「だよな。俺も社長には世話になってっからよ。こんなとこで、工藤に引導を渡されてたまるかよ」
小笠原が声高に言った。
「そうですよね! ありがとうございます!」
良太はまた皆に深々と頭を下げた。
「チラッと話にもあったように、警察より早く、千雪さんらが動いてくれて、情報を集めています。我々は仕事を怠ることがないように、社長の留守を守るのが先決です」
秋山が淡々と言った。
「とにかく我々はきっちり仕事をしましょう」
良太が秋山に続けて拳を握りしめた。
「おい、良太、お前肩に力入り過ぎ。それに、お前が倒れでもしたら、それこそ会社ズダボロになるからな、俺にやれることは何でも言え」
小笠原が断固として言い放った。
「わかった」
それぞれが仕事に戻っていくと、鈴木さんが黙ってコーヒーを入れて良太のデスクに置いた。
「とにかく無理しちゃだめよ」
「ありがとうございます」
いつもながらに鈴木さんの思いやりは身に染みて伝わってくる。
平造は寡黙にただ、皆にお茶を入れたりと動いていたが、何かしていないと落ち着かないのだろう、裏庭の手入れをすると言って出て行った。

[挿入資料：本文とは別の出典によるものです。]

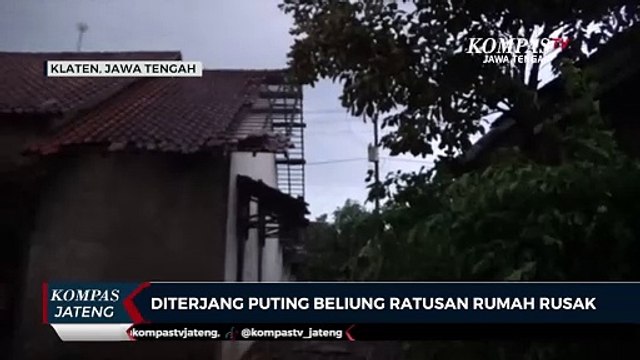 Diterjang Puting Beliung Ratusan Rumah Rusak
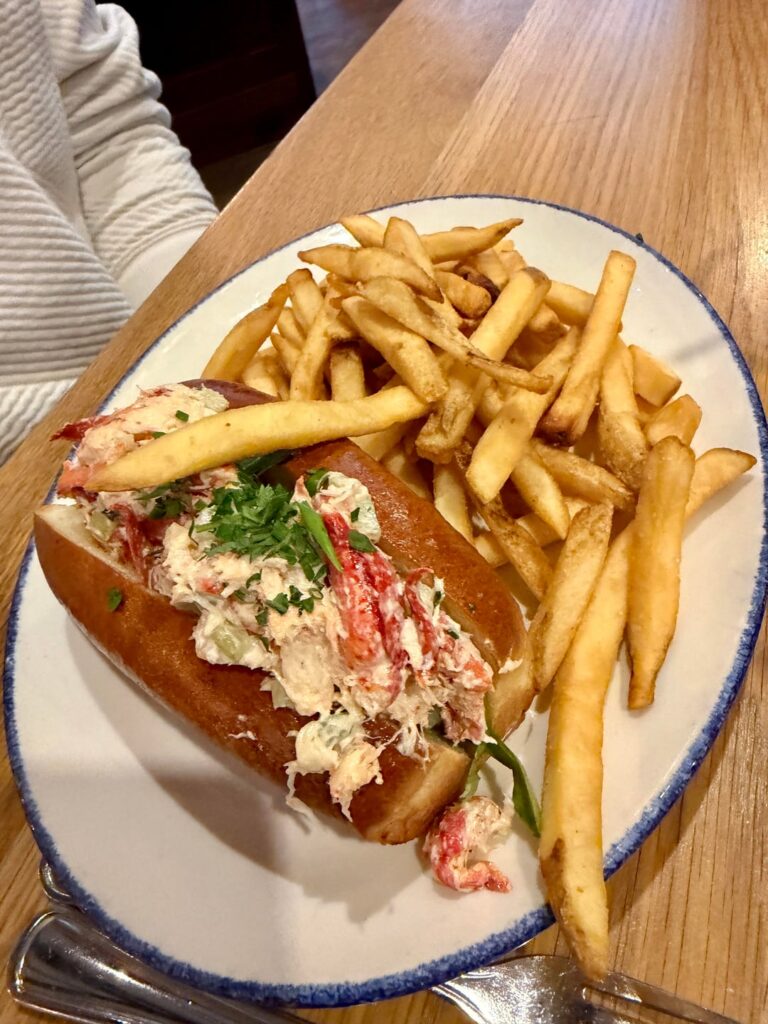 Seafood lunch in Newport, RI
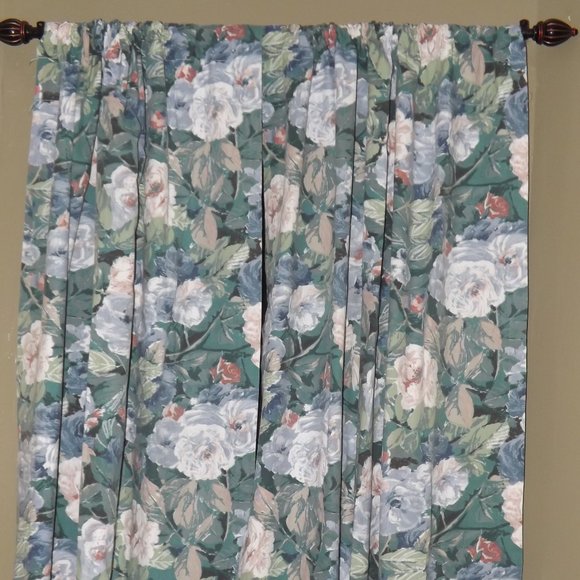 4 Panels 2 Valances Floral Croscill Home Used Preo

そういえば、平造さんは刑務所に入っていた経験があるんだっけ。
工藤に以前聞いたことがあるが、平造が罪を犯したわけではなく、組長か誰かの身代わりだったと、工藤はそのことに対して憤りを持っていたようだ。
何も罪を犯したわけでもないのに、何年も刑務所で暮らし、出てきてからはひたすら工藤の面倒を見ていた。

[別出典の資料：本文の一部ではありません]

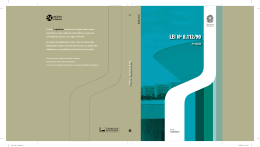LEI N&ordm; 8.112/90 - Prefeitura do Rio de Janeiro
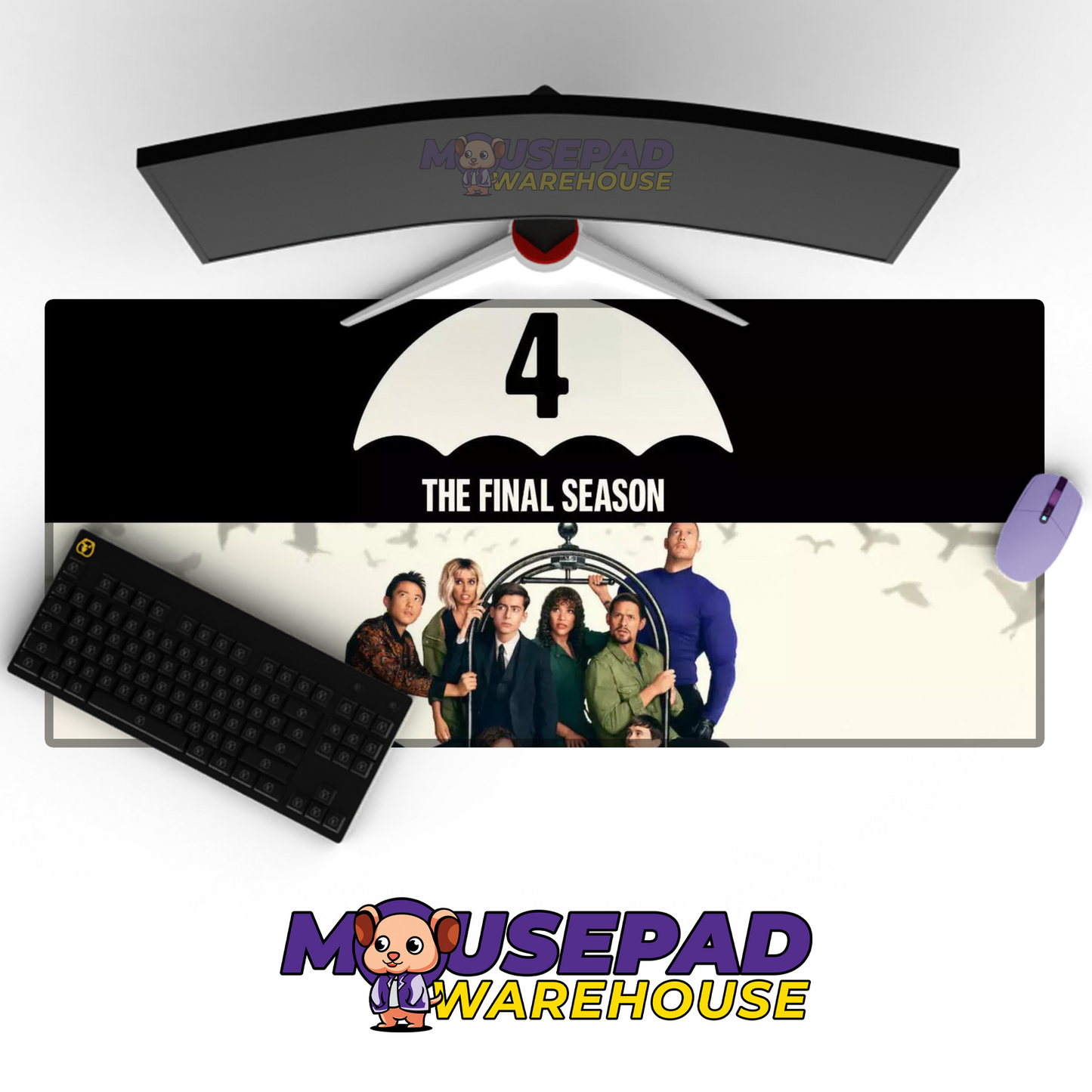 The Umbrella Academy V5 Mousepad Mockup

曾祖父が亡くなる時に、密かに平造を会わせた娘の多佳子は、平造は前科ありとなっているが、実際は平造は真面目な男で、身代わりになっただけだと伝えて曽祖父の信用を得て、工藤を平造に託したらしい。
そこのところは詳しくは聞いてはいない。
平造や工藤が、ほんのたまにぽつりと、当時のことを漏らすのを良太が耳にしたというだけの話だ。
深く追求するべきものではないような気がして、話してくれた時に聞くようにはしている。
その平造の心のうちはいかばかりなものか、良太も慮った。
平造は実に工藤に忠実に仕えてきた男のようだ。
前に平造がぎっくり腰をやった時に、良太は工藤に思わず、親みたいなもんじゃないのか、などと生意気なことを言ってしまった。
だが、実際工藤にとっては親以上の存在ではないかと思うのだ。
何もできずに手をこまねいていることが平造にとっていかにもどかしいか。
良太にも痛いほどわかる。
工藤のことは接見している小田や、いろいろ調べてくれている千雪らにとりあえず任せて、良太には今、工藤が動くはずだった仕事をこなすという使命があった。
よし、と良太が立ち上がった時、電話が鳴った。
「はい、少しお待ちくださいませ」
電話を取った鈴木さんが良太に言った。
「『MEC電機』の波多野さんからお電話です」
それを聞いた良太は一瞬、身を固くした。